Simon Willison’s Weblog

Subscribe
Atom feed for software-architecture Random

25 posts tagged “software-architecture”

2026

Serving the For You feed. One of Bluesky's most interesting features is that anyone can run their own custom "feed" implementation and make it available to other users - effectively enabling custom algorithms that can use any mechanism they like to recommend posts.

spacecowboy runs the For You Feed, used by around 72,000 people. This guest post on the AT Protocol blog explains how it works.

The architecture is fascinating. The feed is served by a single Go process using SQLite on a "gaming" PC in spacecowboy's living room - 16 cores, 96GB of RAM and 4TB of attached NVMe storage.

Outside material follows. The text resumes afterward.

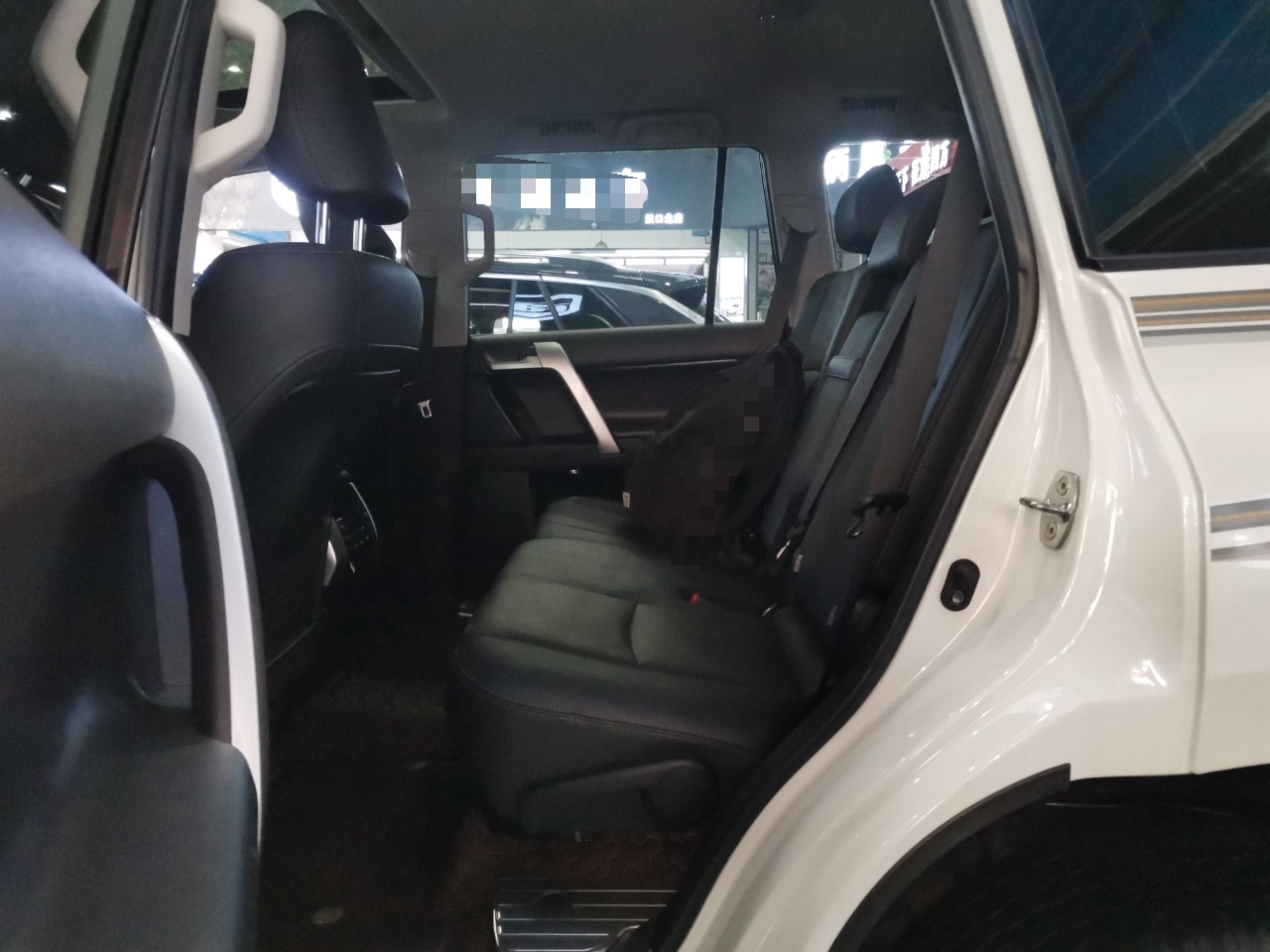 丰田 普拉多 2018款 3.5L 自动TX-L后挂备胎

Recommendations are based on likes: what else are the people who like the same things as you liking on the platform?

That Go server consumes the Bluesky firehose and stores the relevant details in SQLite, keeping the last 90 days of relevant data, which currently uses around 419GB of SQLite storage.

Public internet traffic is handled by a $7/month VPS on OVH, which talks to the living room server via Tailscale.

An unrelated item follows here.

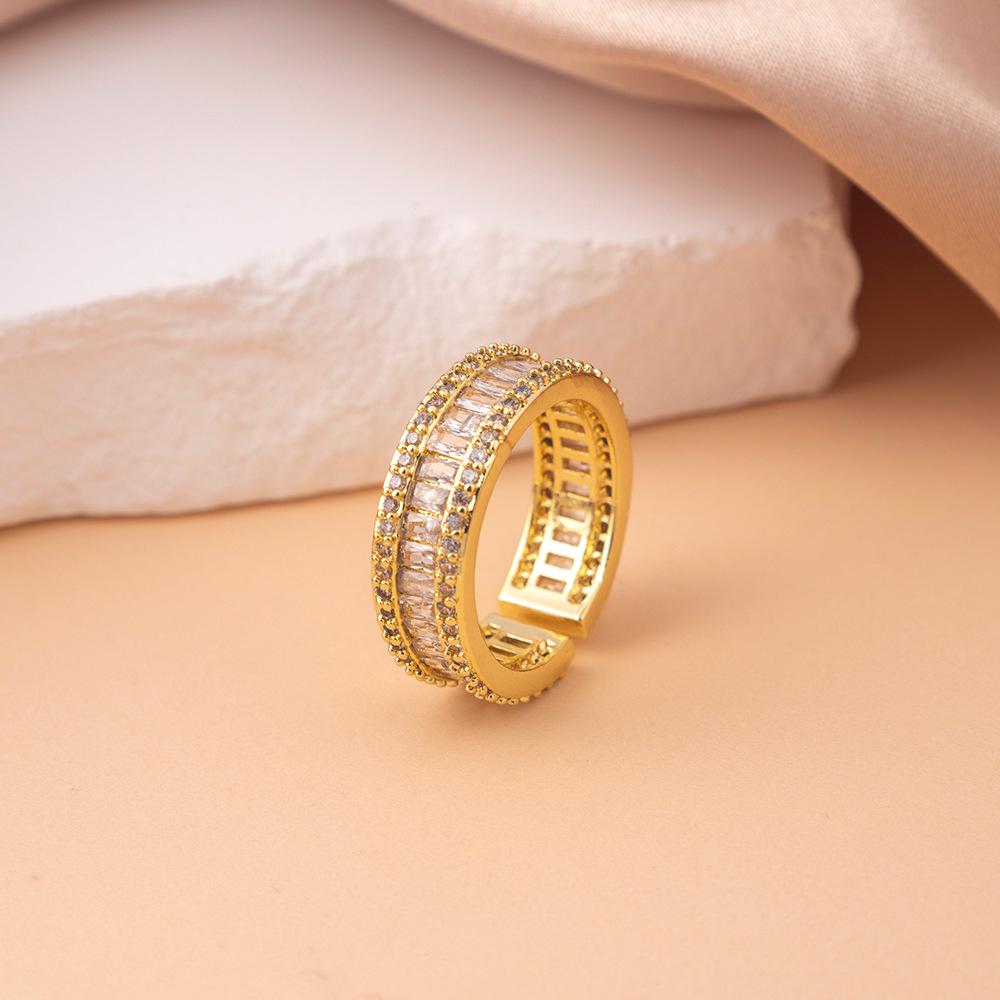 Women's Classic Adjustable Zirconia Paved Ring - Elegant, Versatile, and Luxurious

Total cost is now $30/month: $20 in electricity, $7 in VPS and $3 for the two domain names. spacecowboy estimates that the existing system could handle all ~1 million daily active Bluesky users if they were to switch to the cheapest algorithm they have found to work.

# 24th April 2026, 1:08 am / go, scaling, sqlite, software-architecture, tailscale, bluesky

The Design & Implementation of Sprites (via) I wrote about Sprites last week. Here's Thomas Ptacek from Fly with the insider details on how they work under the hood.

I like this framing of them as "disposable computers":

Sprites are ball-point disposable computers. Whatever mark you mean to make, we’ve rigged it so you’re never more than a second or two away from having a Sprite to do it with.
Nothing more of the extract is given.